The Weekend Australian
June 2008
"Rogue" DVD Review
By Michael Bodey
Transcript by AussieCIFan59 at IMDb.
AUSTRALIAN thriller Rogue has had a rocky, short life. Greg Mclean's tale of a violent croc picking off a bevy of stranded tourists is impeccably made but little seen. After Mclean's breakthrough debut, Wolf Creek, it deserved more.
The director concedes he would have liked the film to earn another $3 million at the Australian box office last year, but it ended 2007 as the third highest-grossing Australian film of the year, behind Happy Feet and Romulus, My Father, with $1.7 million.
"We didn't make a sh.tload of money in Australia but, critically, for a film like this which would usually get smashed, we did quite well," he says.

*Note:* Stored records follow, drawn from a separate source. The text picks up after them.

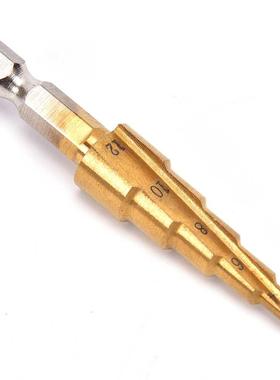 HSS Steel Titanium Step Drill Bits Step Cone Cutting Tools S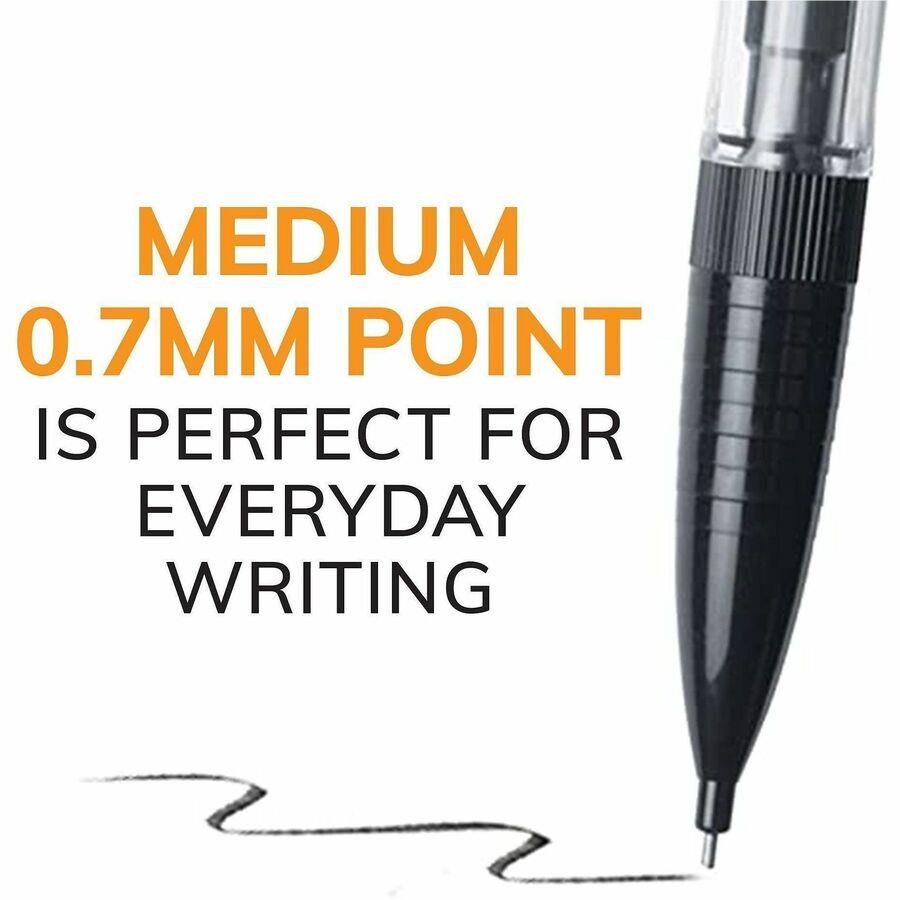 BIC Mechanical Pencils - #2 Lead - 0.7 mm Lead Diameter - Assorted Barrel - 10 Count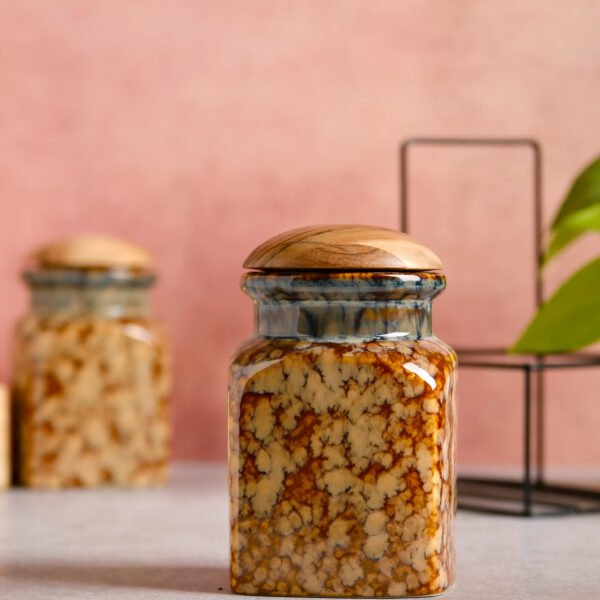 Earthstone Marble Pickle Jar Set of 2 Jars - Image 3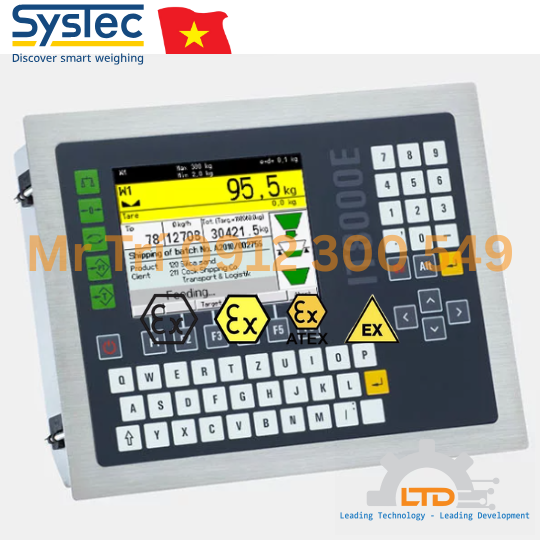 Bộ hiển thị và điều khiển cân  IT6000E IT8000E Ex2/22 SysTec (weighing indicator/controller) IT6000E IT8000E SysTec Việt Nam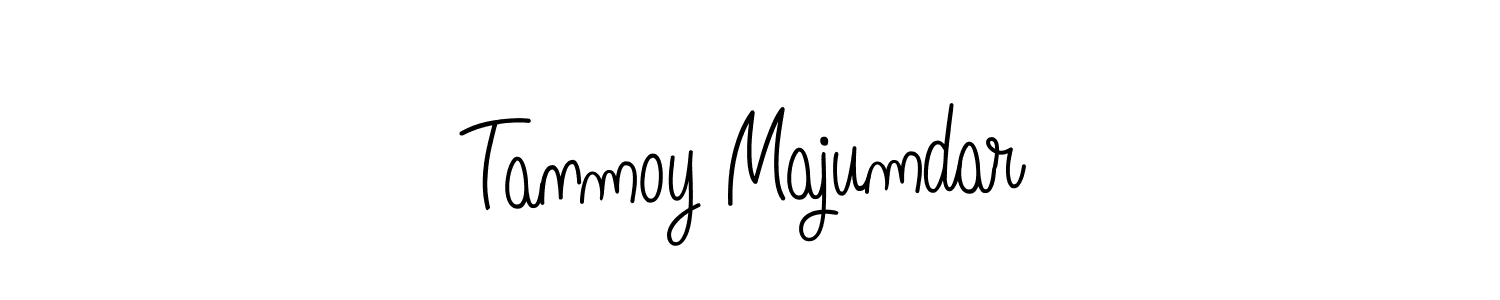 You should practise on your own different ways (Angelique-Rose-font-FFP) to write your name (Tanmoy Majumdar) in signature. don't let someone else do it for you. Tanmoy Majumdar signature style 5 images and pictures png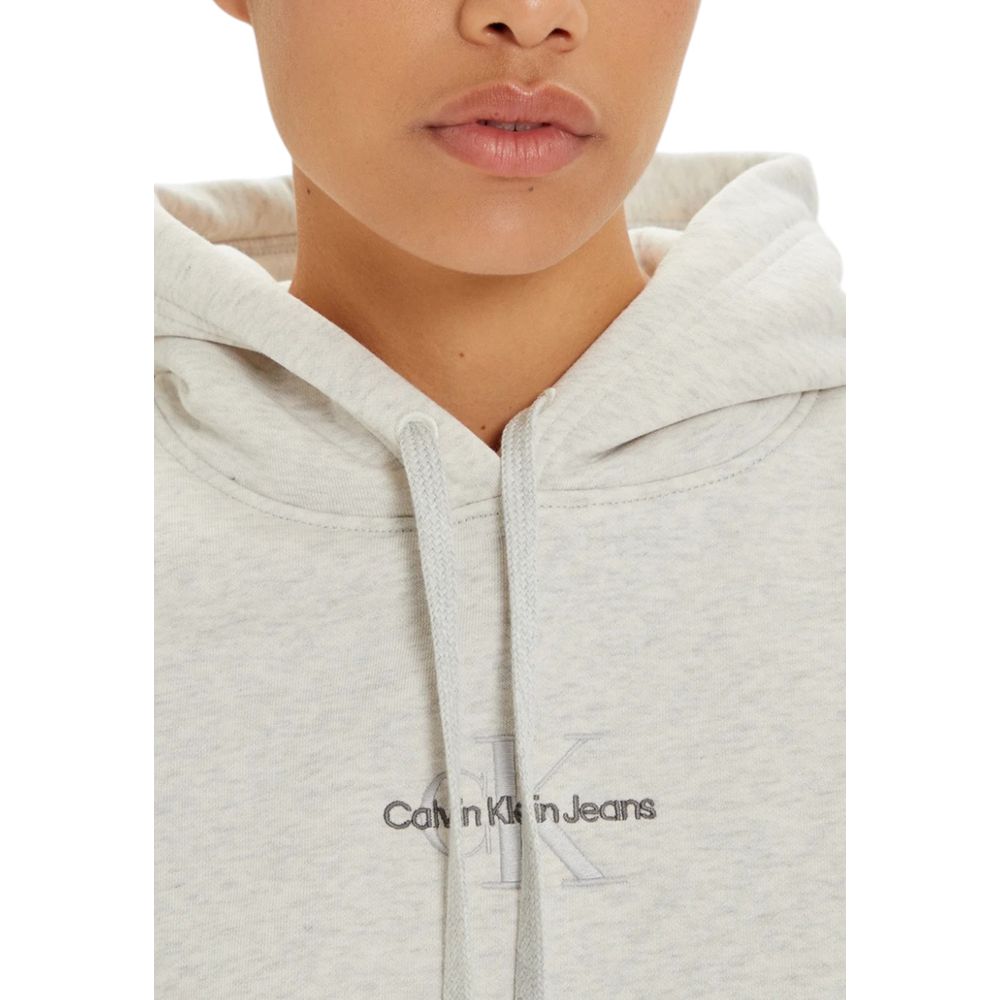 Calvin Klein Jeans Gray Cotton Sweater
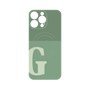 プレミアムパネル with MagSafe［ オリジナル - initial two tone - G green ］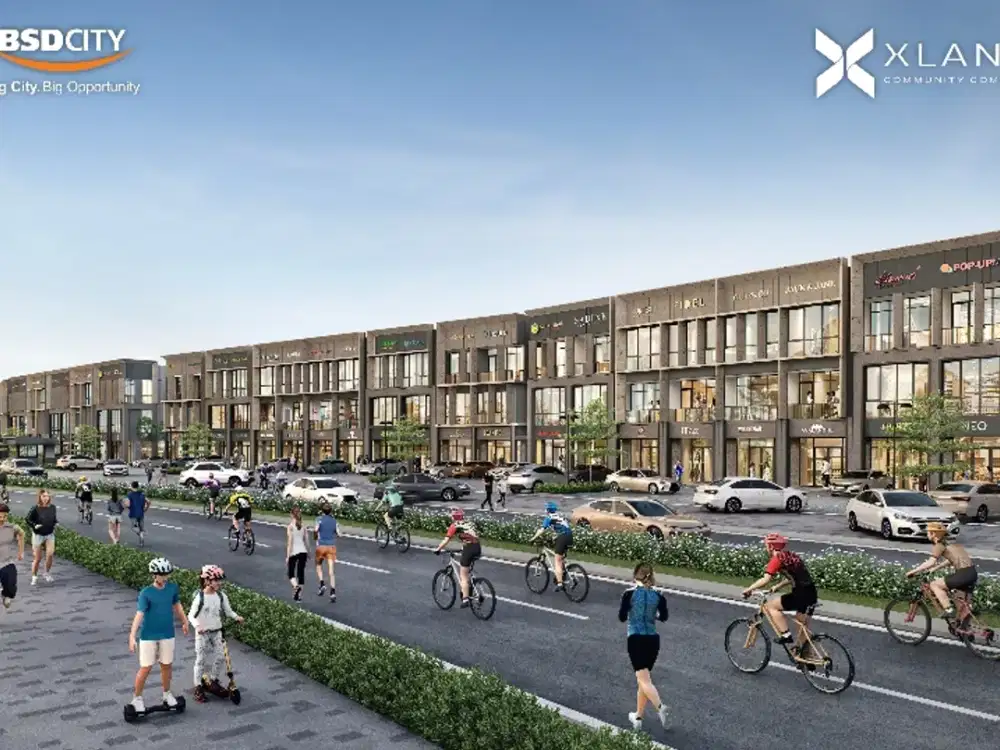 Di Jual Ruko Hadap Jalan Parkir Double layer  3 M an Saja Tinggal 3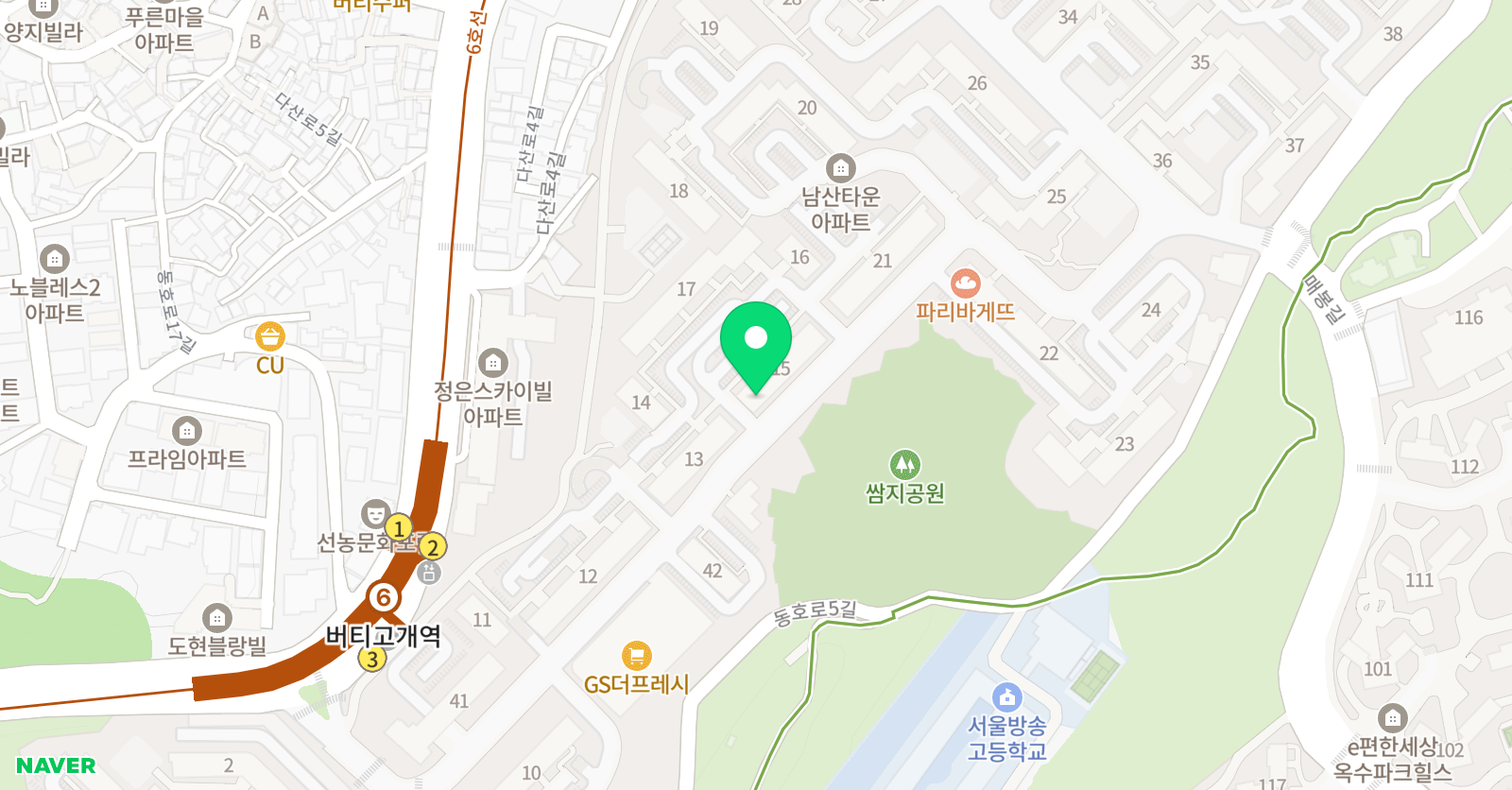 마이스트링음악학원 위치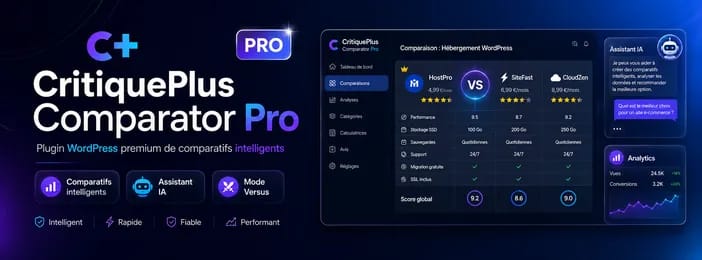 CritiquePlus Comparator Pro – Licence 1 site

"It's tricky in trying to pinpoint why it didn't catch on. Maybe it was marketing, maybe it was the film itself."
The film's North American release sticks in his craw though. After generating much heat in the online film fan environment, the film's US studio, the Weinstein Company, vacillated and gave it only a limited theatrical release last month. It sank rapidly.
"You can sense a little pissed-offedness with the Weinsteins among fans for tantalising them with the movie and then pulling it back," Mclean says.
Even worse, the Weinsteins changed the promotional poster Mclean and his team devised for the US release to something more, well, let's just say obvious, than the previous riff on the Jaws classic.
"Personally, I think the one they're using in the US is crap. I told the Weinsteins and they said, 'Great, you make the movie and we'll sell it'," Mclean sighs. "Unfortunately, I'm not one of those directors who gets to veto those things."
The film, starring Radha Mitchell, Alias's Michael Vartan and Sam Worthington, is entering its second life, a life on DVD that I'm guessing will be far more fruitful.
First, Rogue is a technically proficient and engaging, if not quite scary enough, horror film. For that reason alone it will find a DVD audience. Second, genre films tend to come into their own on DVD. Wolf Creek, for instance, is still churning away.
"Yes, it's something I'm aware of and excited about," Mclean says of its DVD prospects. "I'm imagining it will do well, and I just hope this really catches on because there's a number of levels on which audiences can get into this movie in Australia, particularly on the DVD.
"The DVD is cool: because we've had so much time on our hands, we've spent a lot of time making an hour-long 'making of', and a number of mini-documentaries on the orchestral score, the making of the crocodile and the Northern Territory.
"We shot an enormous amount of footage up there that we couldn't fit on the film." That might reek of indulgence, but Mclean and his team are of the generation that has grown up on films on VHS and DVD. They're enthusiasts about the process and willing to impart information.
And Mclean is also one of the better directors of horror, a genre that fans just can't discuss enough. But is he wary of confining himself to genre pictures, an area this country is not particularly assured at making or selling?
"No, not really," he says. "Films are singular entities that succeed largely on how aggressively they're sold. I think you can actually make an audience see anything, and we could have been more aggressive with the Rogue campaign."
But that's water under the tourist boat. Rogue should fly on DVD.